Lenders split on further rate rises

Lenders are split on whether further rate rises are likely in order to bring inflation back under control.

This follows the Bank of England’s decision to freeze interest rates at 5.25% in March.

Stephen Leonard, director of mortgages at Alliance & Leicester, says: “Over recent past weeks there has been growing consensus in the market that the base rate would not rise beyond its current level in March, and today’s announcement to maintain it at 5.25% reinforces this sentiment.

“And while this most recent Monetary Policy Committee decision will come as a relief to borrowers, we are not out of the woods yet and we shouldn’t be surprised to see at least one further rate rise during the course of 2007.

“The economy is currently growing in line with market forecasts whilst inflation and pay settlements remain the crucial factors to watch.

“Last month’s MPC minutes suggest that further rate rises are very likely if inflation fails to moderate.”

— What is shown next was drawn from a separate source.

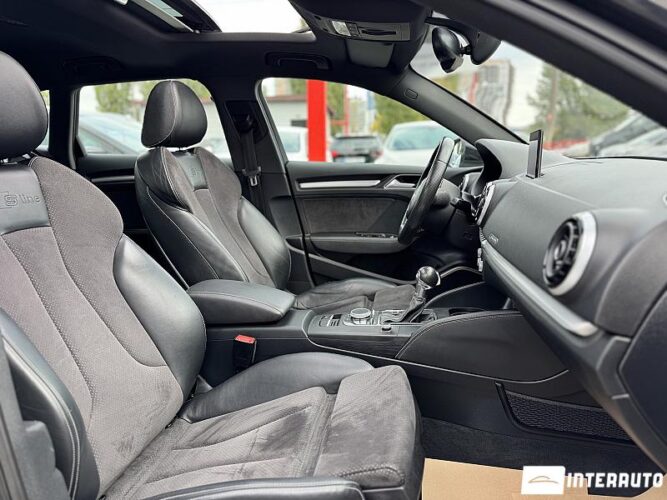 Audi A3 E-tron 52 interauto-car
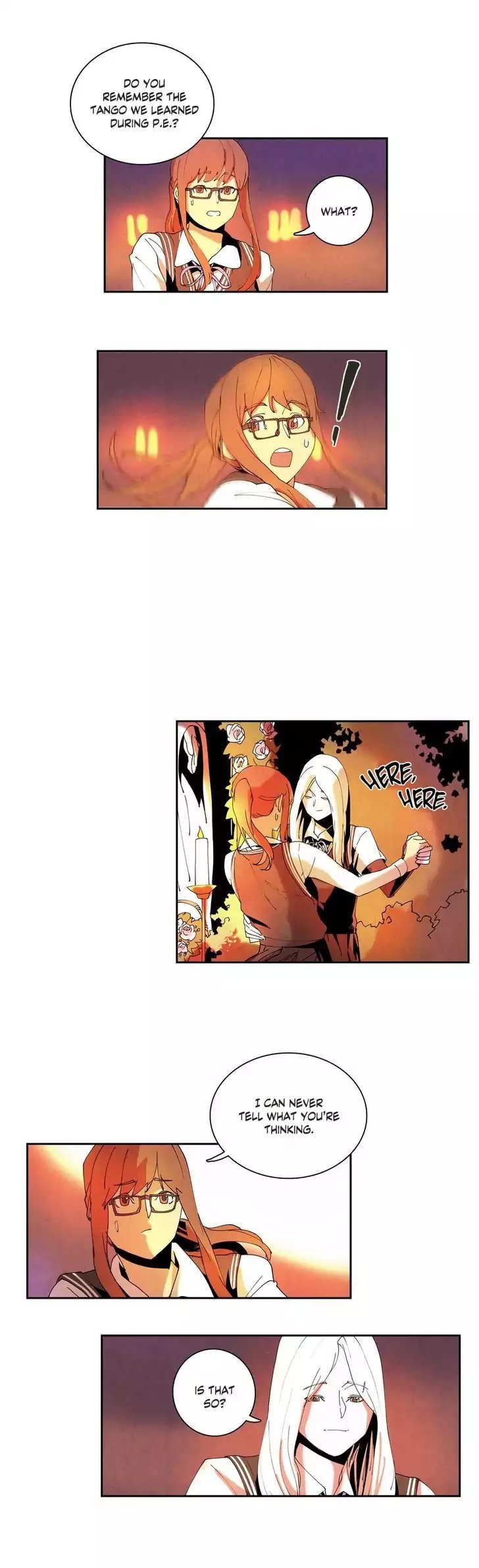 White Angels Have No Wings Manhwa - Chapter 7 Page 13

Matthew Wyles, group development director at The Mortgage Works, says: It is encouraging that the MPC made no change to the base rate this month. The case for further rate increases is getting progressively weaker.

Despite some recent modest strengthening, Sterling remains badly overvalued – particularly against the US dollar and yen and it will continue to be a target currency for carry traders.

The housing market, outside the overheated London market, is starting to feel the pinch from the January base rate rise and the current turmoil in the global equity markets can only serve to undermine confidence.

The January rate move was obviously intended as a stitch in time and a further rise now would not make sense until the MPC has given the last hike sufficient time to impact on the economic data.

But Colin Bell, operations director at commercial mortgage lender InterBay, says: “Although most pundits expected the base rate not to change this month, there are plenty of indicators pointing to the need for another rise in the near future.

“The forthcoming Budget may well have been part of the reason for holding off making any change right now, as well as the current global market volatility.

From a commercial perspective, retail sales are continuing to increase and commercial property owners are benefiting from the growth.

“Office space still continues to be heavily occupied and the commercial sector in general is buoyant and could absorb a further rise, albeit an unpopular change.